**ACTIVITY:** Quote the material below exactly as written, from the first line to the line that holds "AI technology visual", endpoints included.

**INPUT MATERIAL:**

=====

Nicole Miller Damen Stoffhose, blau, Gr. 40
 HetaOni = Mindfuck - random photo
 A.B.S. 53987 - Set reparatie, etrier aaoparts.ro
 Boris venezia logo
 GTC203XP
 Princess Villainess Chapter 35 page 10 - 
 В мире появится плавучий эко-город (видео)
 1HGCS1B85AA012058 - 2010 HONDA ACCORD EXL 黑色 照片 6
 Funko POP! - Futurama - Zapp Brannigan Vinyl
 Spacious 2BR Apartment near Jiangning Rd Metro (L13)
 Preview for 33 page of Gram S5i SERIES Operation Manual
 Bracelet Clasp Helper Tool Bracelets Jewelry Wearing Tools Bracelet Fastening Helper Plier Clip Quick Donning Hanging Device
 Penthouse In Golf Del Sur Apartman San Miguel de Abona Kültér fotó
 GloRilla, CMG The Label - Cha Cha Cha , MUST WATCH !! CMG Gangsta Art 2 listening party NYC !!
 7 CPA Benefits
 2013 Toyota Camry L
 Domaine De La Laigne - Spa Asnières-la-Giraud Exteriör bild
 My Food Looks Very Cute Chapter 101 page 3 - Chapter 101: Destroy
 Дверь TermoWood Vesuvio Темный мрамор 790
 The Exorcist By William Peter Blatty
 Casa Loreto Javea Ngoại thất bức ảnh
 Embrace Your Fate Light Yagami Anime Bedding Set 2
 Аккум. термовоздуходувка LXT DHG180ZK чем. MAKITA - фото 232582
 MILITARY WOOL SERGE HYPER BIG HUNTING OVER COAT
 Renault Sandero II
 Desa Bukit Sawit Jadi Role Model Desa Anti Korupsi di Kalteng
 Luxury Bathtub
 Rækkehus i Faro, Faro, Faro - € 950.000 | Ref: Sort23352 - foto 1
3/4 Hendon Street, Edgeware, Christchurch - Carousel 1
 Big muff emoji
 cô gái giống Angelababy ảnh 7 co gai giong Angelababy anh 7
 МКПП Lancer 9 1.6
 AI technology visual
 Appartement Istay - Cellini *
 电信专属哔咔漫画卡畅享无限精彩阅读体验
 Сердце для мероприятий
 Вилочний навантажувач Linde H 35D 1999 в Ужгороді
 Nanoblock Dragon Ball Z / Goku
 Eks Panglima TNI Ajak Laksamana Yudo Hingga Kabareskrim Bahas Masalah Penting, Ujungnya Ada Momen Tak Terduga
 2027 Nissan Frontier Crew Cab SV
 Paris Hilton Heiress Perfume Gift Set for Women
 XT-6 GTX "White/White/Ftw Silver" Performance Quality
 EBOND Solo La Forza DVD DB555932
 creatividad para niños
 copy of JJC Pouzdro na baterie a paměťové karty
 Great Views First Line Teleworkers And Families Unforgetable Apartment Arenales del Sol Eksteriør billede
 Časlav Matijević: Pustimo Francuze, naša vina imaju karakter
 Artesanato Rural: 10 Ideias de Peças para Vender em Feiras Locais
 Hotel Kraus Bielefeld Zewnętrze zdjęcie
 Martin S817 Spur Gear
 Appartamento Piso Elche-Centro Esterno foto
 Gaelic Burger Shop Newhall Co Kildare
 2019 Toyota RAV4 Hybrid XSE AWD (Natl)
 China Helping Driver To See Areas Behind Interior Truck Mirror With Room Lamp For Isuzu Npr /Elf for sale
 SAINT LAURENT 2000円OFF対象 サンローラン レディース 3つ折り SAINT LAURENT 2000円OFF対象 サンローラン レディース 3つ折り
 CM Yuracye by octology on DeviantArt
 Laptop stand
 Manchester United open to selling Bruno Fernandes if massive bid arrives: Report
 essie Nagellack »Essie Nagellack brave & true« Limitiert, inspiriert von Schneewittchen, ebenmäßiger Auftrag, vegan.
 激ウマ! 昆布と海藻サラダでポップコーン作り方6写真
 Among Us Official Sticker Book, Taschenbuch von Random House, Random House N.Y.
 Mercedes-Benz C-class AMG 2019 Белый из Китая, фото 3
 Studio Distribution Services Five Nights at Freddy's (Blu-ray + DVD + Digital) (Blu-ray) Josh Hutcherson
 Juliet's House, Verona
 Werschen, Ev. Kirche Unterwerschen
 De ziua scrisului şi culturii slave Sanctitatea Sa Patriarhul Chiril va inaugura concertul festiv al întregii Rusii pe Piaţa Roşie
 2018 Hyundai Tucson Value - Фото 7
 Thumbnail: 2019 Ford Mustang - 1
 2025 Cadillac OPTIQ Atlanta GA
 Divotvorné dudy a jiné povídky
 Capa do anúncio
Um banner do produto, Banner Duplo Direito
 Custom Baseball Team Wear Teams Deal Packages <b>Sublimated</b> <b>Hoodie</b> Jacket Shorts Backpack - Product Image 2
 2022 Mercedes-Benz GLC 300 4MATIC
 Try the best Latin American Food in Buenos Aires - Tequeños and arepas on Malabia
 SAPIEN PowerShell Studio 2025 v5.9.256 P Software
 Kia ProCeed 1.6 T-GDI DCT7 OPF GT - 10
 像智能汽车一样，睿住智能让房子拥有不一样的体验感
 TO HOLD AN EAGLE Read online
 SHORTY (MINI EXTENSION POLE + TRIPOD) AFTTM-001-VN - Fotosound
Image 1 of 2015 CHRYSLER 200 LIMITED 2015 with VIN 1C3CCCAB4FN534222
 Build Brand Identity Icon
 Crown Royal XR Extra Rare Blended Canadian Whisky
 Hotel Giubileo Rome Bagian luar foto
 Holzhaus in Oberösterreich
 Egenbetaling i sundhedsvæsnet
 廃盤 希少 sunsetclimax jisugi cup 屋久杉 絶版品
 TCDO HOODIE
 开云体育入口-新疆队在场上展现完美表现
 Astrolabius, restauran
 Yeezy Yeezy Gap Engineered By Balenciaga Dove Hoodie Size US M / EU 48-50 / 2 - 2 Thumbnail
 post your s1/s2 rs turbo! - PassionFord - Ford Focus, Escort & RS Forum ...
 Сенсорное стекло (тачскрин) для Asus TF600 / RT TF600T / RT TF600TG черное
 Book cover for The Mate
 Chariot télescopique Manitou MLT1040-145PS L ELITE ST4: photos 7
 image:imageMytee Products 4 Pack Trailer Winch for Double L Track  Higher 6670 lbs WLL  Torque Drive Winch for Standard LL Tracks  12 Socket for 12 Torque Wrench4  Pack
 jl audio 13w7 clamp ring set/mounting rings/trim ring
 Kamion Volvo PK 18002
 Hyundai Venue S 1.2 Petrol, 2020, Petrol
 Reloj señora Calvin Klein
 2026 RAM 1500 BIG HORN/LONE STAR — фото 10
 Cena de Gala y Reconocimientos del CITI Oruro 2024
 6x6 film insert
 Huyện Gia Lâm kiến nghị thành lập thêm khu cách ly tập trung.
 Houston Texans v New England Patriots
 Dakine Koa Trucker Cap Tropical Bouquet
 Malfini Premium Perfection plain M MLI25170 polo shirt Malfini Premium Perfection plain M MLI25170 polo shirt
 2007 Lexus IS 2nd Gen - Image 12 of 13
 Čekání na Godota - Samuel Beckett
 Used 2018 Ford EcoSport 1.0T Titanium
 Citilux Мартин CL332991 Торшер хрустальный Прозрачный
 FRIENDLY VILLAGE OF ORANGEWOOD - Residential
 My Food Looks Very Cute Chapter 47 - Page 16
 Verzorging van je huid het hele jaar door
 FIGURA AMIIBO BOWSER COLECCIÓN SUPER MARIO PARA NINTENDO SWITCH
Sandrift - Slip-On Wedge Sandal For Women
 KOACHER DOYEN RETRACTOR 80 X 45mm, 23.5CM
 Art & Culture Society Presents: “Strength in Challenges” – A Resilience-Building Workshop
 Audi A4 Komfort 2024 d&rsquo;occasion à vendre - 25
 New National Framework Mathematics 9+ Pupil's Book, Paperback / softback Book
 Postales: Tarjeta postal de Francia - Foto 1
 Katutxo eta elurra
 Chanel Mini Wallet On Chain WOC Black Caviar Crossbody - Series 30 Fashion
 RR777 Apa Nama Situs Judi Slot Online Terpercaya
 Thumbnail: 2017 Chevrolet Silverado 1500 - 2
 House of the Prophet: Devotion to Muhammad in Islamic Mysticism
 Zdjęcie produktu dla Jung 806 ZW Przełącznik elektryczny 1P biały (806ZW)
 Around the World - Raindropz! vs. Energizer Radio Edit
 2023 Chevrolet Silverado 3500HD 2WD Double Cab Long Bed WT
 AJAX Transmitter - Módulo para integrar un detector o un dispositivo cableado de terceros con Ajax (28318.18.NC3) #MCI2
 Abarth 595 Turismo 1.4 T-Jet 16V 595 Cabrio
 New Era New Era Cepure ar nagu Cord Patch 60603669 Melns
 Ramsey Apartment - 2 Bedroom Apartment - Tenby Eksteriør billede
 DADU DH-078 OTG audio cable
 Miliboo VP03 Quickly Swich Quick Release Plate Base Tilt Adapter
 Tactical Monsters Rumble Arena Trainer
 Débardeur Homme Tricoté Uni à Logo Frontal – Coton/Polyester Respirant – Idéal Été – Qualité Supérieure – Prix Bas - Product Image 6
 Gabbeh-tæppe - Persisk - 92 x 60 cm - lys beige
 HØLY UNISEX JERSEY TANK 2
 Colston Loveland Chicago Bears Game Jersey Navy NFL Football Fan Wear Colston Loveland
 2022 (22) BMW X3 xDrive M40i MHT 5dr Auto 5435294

=====

**PROBLEM SOLUTION:**
Nicole Miller Damen Stoffhose, blau, Gr. 40
 HetaOni = Mindfuck - random photo
 A.B.S. 53987 - Set reparatie, etrier aaoparts.ro
 Boris venezia logo
 GTC203XP
 Princess Villainess Chapter 35 page 10 - 
 В мире появится плавучий эко-город (видео)
 1HGCS1B85AA012058 - 2010 HONDA ACCORD EXL 黑色 照片 6
 Funko POP! - Futurama - Zapp Brannigan Vinyl
 Spacious 2BR Apartment near Jiangning Rd Metro (L13)
 Preview for 33 page of Gram S5i SERIES Operation Manual
 Bracelet Clasp Helper Tool Bracelets Jewelry Wearing Tools Bracelet Fastening Helper Plier Clip Quick Donning Hanging Device
 Penthouse In Golf Del Sur Apartman San Miguel de Abona Kültér fotó
 GloRilla, CMG The Label - Cha Cha Cha , MUST WATCH !! CMG Gangsta Art 2 listening party NYC !!
 7 CPA Benefits
 2013 Toyota Camry L
 Domaine De La Laigne - Spa Asnières-la-Giraud Exteriör bild
 My Food Looks Very Cute Chapter 101 page 3 - Chapter 101: Destroy
 Дверь TermoWood Vesuvio Темный мрамор 790
 The Exorcist By William Peter Blatty
 Casa Loreto Javea Ngoại thất bức ảnh
 Embrace Your Fate Light Yagami Anime Bedding Set 2
 Аккум. термовоздуходувка LXT DHG180ZK чем. MAKITA - фото 232582
 MILITARY WOOL SERGE HYPER BIG HUNTING OVER COAT
 Renault Sandero II
 Desa Bukit Sawit Jadi Role Model Desa Anti Korupsi di Kalteng
 Luxury Bathtub
 Rækkehus i Faro, Faro, Faro - € 950.000 | Ref: Sort23352 - foto 1
3/4 Hendon Street, Edgeware, Christchurch - Carousel 1
 Big muff emoji
 cô gái giống Angelababy ảnh 7 co gai giong Angelababy anh 7
 МКПП Lancer 9 1.6
 AI technology visual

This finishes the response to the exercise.